Bayramlar ortak sevinç günleridir. Sevinç hâli öncelikle insanın kendi içinde yaşadığı bir durumu ifade eder. Bayramlarda ise bu hâl, insandan topluma sirayet eder. Tüm İslam âlemi bayrama kavuştuğu için sevinçlidir, çünkü Rabb’inin emrini yerine getirmiş olmanın, ona yakınlaşma isteğinin gereğini yapmış olmanın verdiği bir sevinci yaşamaktadır. Mümin kişi, hem Ramazan’da hem de Kurban’da sevdiği şeylerden vererek Allah’ın emrini yerine getirmiş olmanın mutluluğu içindedir. Bir arada olmanın, birbirine koşulsuz sevgiyle yaklaşmanın adıdır bayram. Zaten geleneğimizi incelersek, bayramlarda birlik ve beraberliği, küçüklerin büyüklere ve büyüklerin de küçüklere olan candan yaklaşımını, hasta ziyaretlerini, insanların birbirlerine olan iyilik temennilerini, gülen yüzleri görürüz. Bayram boyunca âdeta mistik bir altyapıya sahip bu gelenekler hep sürdürülür. Yine küslerin barıştırılması, insanların birbirine ikramda bulunması, çocukların ve özellikle yetim, öksüz çocukların sevindirilmesi, büyüklerin ziyaret edilmesi gibi ögelerden oluşan çok daha kapsamlı bir gelenektir. Bu uygulamaların amacı, toplumda birliğin ve huzurun sağlanmasıdır. Çünkü bayramlarda sevinç ve hüzün paylaşılır, insanlar birbirlerini anlama yolunu tercih ederler ve bu da tabii olarak sevinçlerin artmasını hüzünlerin de azalmasını beraberinde getirir. Bunların yanında, son yıllara baktığımızda üzülerek belirtmek gerekir ki bayram anlayışımızda pek de bayramın ruhuna uygun olmayan uygulamalarla karşılaşıyoruz. Modern insanı esir alan farklı yaklaşımlar bizim bu güzel geleneğimize de zarar vermiş gibi görünüyor. Ama bize düşen, bundan yakınmak yerine en yakınımızdan yani ailemizden başlayarak geleneğe sahip çıkmak, çocuklarımızı ve neslimizi gelenekten haberdar etmektir. Kültür ve gelenek aktarımını sağlıklı bir biçimde yapabilmeliyiz. Yani bizler bayramlarda bayramın gereğini yerine getirmiyorsak çocuklarımızdan ve sonraki nesillerden bayram gelince bir beklenti içine girmemiz anlamsız olacaktır.

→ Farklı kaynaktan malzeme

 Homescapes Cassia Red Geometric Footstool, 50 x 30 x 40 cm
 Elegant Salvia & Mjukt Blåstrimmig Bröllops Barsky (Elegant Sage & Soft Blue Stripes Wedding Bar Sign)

Dr. Yahya Turan 1971 yılında Balıkesir-Gönen’de doğdu. 1995 yılında Marmara Üniversitesi İlahiyat Fakültesinden mezun olarak lisans eğitimini tamamlayıp mezuniyeti akabinde öğretmen olarak atandı. 1999 yılında “Psikolojik ve Sosyal Yönleriyle Kurban” isimli tez çalışması ile yüksek lisansını, “Kişilik Özellikleri ve Dinsel Yönelimler Üzerine Bir Araştırma” isimli çalışması ile doktorasını Marmara Üniversitesinde tamamladı. 1995 – 2016 yılları arasında Milli Eğitim Bakanlığına bağlı olarak çeşitli okullarda öğretmen, merkez ve taşra teşkilatında yönetici olarak görev yaptı. Milli Eğitim Bakanlığı Din Öğretimi Genel Müdürlüğünde Grup Başkanı olarak görevine devam ederken 2016 yılında Ordu Üniversitesi İlahiyat Fakültesine Din Psikolojisi alanında Öğretim Üyesi olarak atandı. Hâlen bu görevde olan Yahya Turan evli ve iki çocuk babasıdır.